Don't think I've ever commented on a vid but thanks for sharing this with us. ❤️
Nick Guiry Ayy North LV FTW
You have an amazing man with you. Hope to see you guys last forever
Your Hot
Mrs Suits your husband is what I aspire to be. Very strong man. I hope to meet you guys one day after I get out the navy
JTsuits love you JT! Best damn Sailor I admire!
This hurts to hear. I'm 53 and I served in the Navy on 2 carriers in North Island and in Atsugi Japan 🇯🇵, I worked and hit it hard, I had an injury and I spent some time in sick bay. I powered through it and came home safe and sound but this vid hit home. I have been an emergency worker for 30 years since and I'm still Navy strong, hey.... JT .. my shipmate ⚓️, we serve and we survive. It was painful to watch but this vid was the right message for service people to hear..... please get help.

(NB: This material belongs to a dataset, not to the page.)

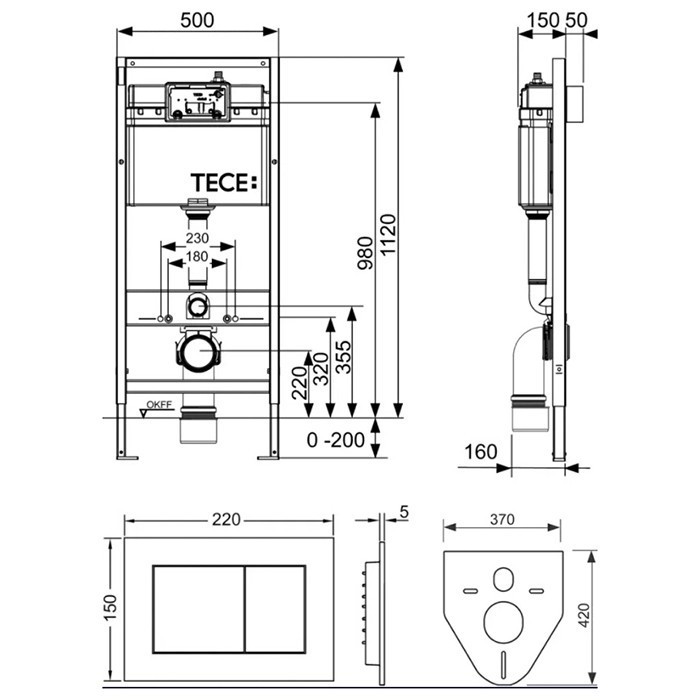 Инсталляция для подвесного унитаза k 400 403, TECE арт. K400403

So when I was in boot camp and I quote PO1 blahblah was like "I don't give a f if you all think you know everything because you've watched a couple of JTsuits videos". Random but wanted to share... thought it was funny since I did watch your stuff before shipping out
lol thats fucking gold
Bro! go to a Non-Denominational Christian Church. Not Mormon Not Jehovah witnesses not Catholicism. and that will get you off your meds doctors will tell you the same or will agree. To a good Bible reading Church, that teaches the simple truth that's all.
Jtsuits my brother.
JT you're a fine young fellow leading others in a great direction providing the knowledge they need to succeed ! Fam is always here for you as you are for us. Congrats on 50k that's fucking huge
We love you JT, no matter how bad you feel we will be here for you, you can count on the fam. Stay strong brother, I'm sure this video will help people similar with this. PAPA
Always remember we're here for you JT
Thanks for sharing brother. You are a bloody legend and I am so glad I have been lucky enough to meet such a genuine person. Super inspiring dude fuck yeah brother!!
we gotta surf again soon ! maybe first week of August shoot me a text if your free !
for sure brother!
“bloody legend”? lazarbeam?
you should go back to the navy as officer.
He's in the reserves at the moment I believe.
The south side slugger that's why he said "go back" after he gets his degree
Adam R He's still in the inactive reserves and has a month left till he's officially out. he just said so in the last 4 videos. And yes at the same time he's close to his BA.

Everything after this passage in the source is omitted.